Ich sitze am Frühstück und schaufle fast schon lustlos mein Müsli in mich hinein. Ganz einfach, weil ich heute keinen Bock auf die Schule hatte, insbesondere nicht auf Raven...meine heimliche Liebe. Feuerrotes Haar und umwerfende Augen. Mondaugen. Reines Silber sieht einen mit einem belustigten Funkeln an. Ich liebe sie schon seitdem ich sie das erste Mal getroffen habe. Aber zurzeit hat sie einen Freund und denkt nicht mal eine Sekunde an mich. Früher haben wir uns regelmäßig geschrieben und getroffen.


Aber seitdem sie einen Freund hat, gehe ich ihr sonst wo vorbei.


Ich sehe in den Spiegel, der in meinem Zimmer hängt und seufze leise. Nachdem ich mein Frühstück doch noch geschafft habe, mache ich nun das Gleiche wie jeden Tag auch. Die Handgriffe sitzen und wirken fast schon als seien sie einstudiert. Aber was soll es. Ich mustere mich und mein Aussehen.


Meine Haare habe ich heute zu Stacheln geformt, das hat mich fast die Nerven gekostet, denn irgendein Haar fiel immer aus der Reihe oder es war gleich eine ganze Strähne. Ich hab mir dann einfach Haarspray genommen und Schaumfestiger in meine noch nassen Haare geschmiert. Und e voila! Sie standen wie eine eins. Aber genug von meinen Haaren, meine grün-blau-grauen Augen, ja anders kann man dieses Farbgemisch einfach nicht beschreiben, habe ich, wie immer, mit einem schwarzen Eyeliner umrandet. Schwarz wie meine Seele.


Ich greife nach dem Kajalstift und trage ihn ebenfalls auf. Anfangs haben meine Augen noch gebrannt und ich hab Rotz und Wasser geheult, aber wer schön sein will muss leiden. Apropos leiden....


Ich griff mir meine Pinzette und zupfte mir die Augenbrauen neu. Ich mochte es nicht, wenn mir in der Mitte die Haare wieder wuchsen. Es sah einfach nur eklig aus. Generell mochte ich es nicht irgendwo Haare zu haben und deshalb rasierte ich mich. Nur Wimpern, Augenbraue und die Haare auf dem Kopf ließ ich wo sie waren. Na gut, die Augenbrauen zupfte ich zwar. Dem Rest rückte ich allerdings mit Rasierer und Wachsstreifen zu Leibe. Ja, Wachsstreifen. Anfangs hallte immer ein lauter Schmerzensschrei durch das Haus meiner Eltern, in dem ich zurzeit wohnte oder wohnen durfte.

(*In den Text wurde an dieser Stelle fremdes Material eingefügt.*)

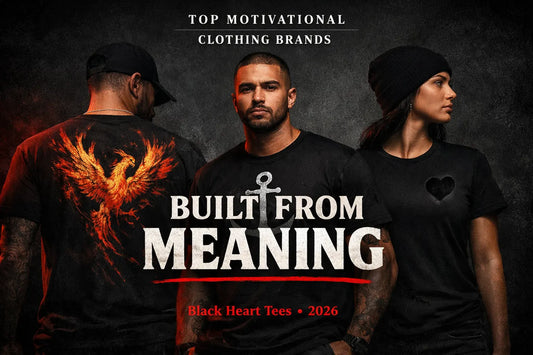 Three models wearing Black Heart Tees motivational clothing including phoenix rebirth tee, resilience anchor tee, and black heart revive shirt against a dark textured background
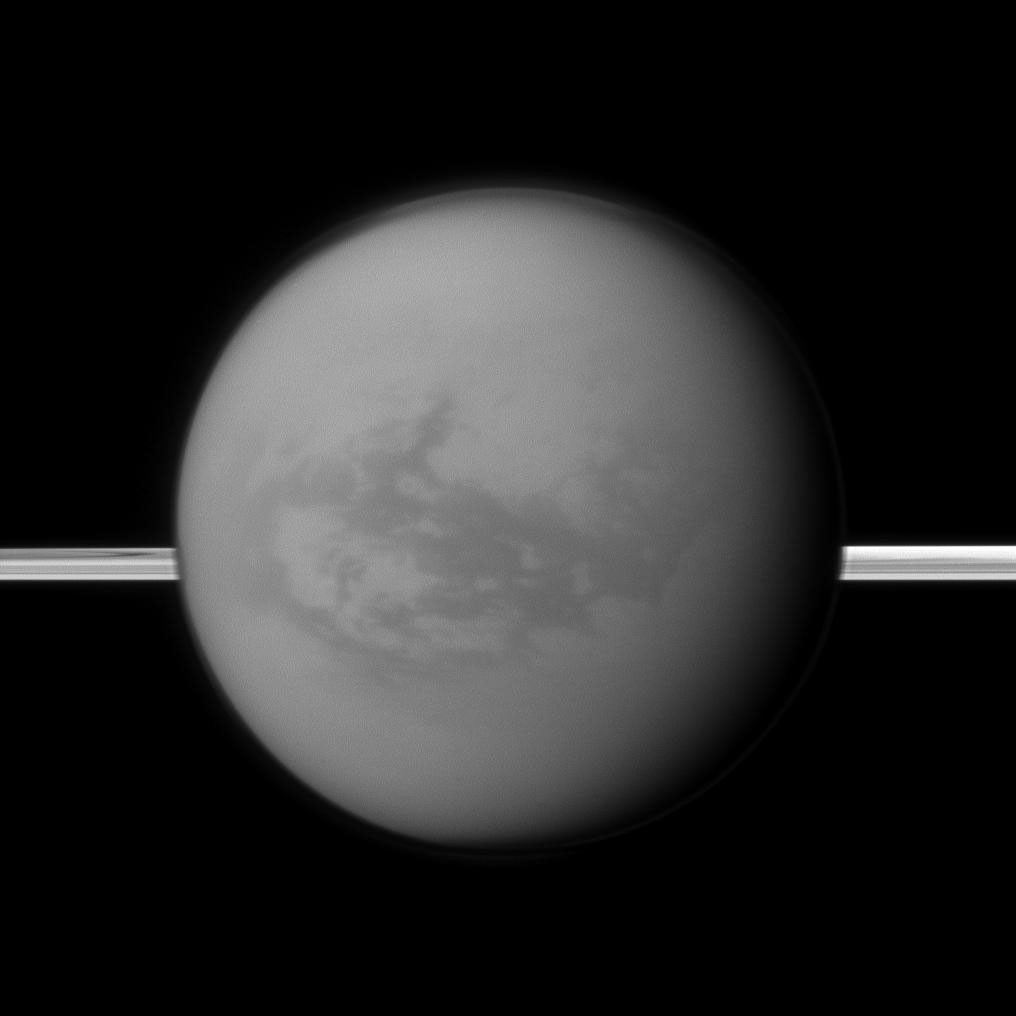 Titan and Saturn's rings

Ich erinnerte mich noch gut an das erste Mal, als ich den heißen Wachsstreifen aufgelegt hatte, wartete bis er trocken war und ihn dann mit einem Ruck, wobei ich auf drei gezählt habe, mir wegriss. Es gab einen lauten Schrei und meine Mutter kam schockiert die Treppe hochgerannt, ganz bleich im Gesicht fragte sie mich: „Xavier, alles okay?!"


Nachdem ich ihr dann versichert habe, dass ich weder angeschossen wurde, noch ausgerutscht und auf einem Reißnagel gelandet war, die Dinger tun echt scheiße weh, oder mir etwas gebrochen hatte, starrte sie den Wachsstreifen an, als sei er nicht von dieser Welt.


„Was machst du da?", hatte sie dann ganz entgeistert gefragt und ich hatte, so souverän wie es in meiner Situation nun mal ging, geantwortet: „Ich entwachse mich. Die ganzen Haare sind einfach nur eklig...!"


Sie hatte mich angeschaut und dann genickt und die Türe zum Badezimmer wieder geschlossen. Kein Wort mehr hatte sie darüber verloren. Und ich hatte mich irgendwann an den Schmerz gewöhnt.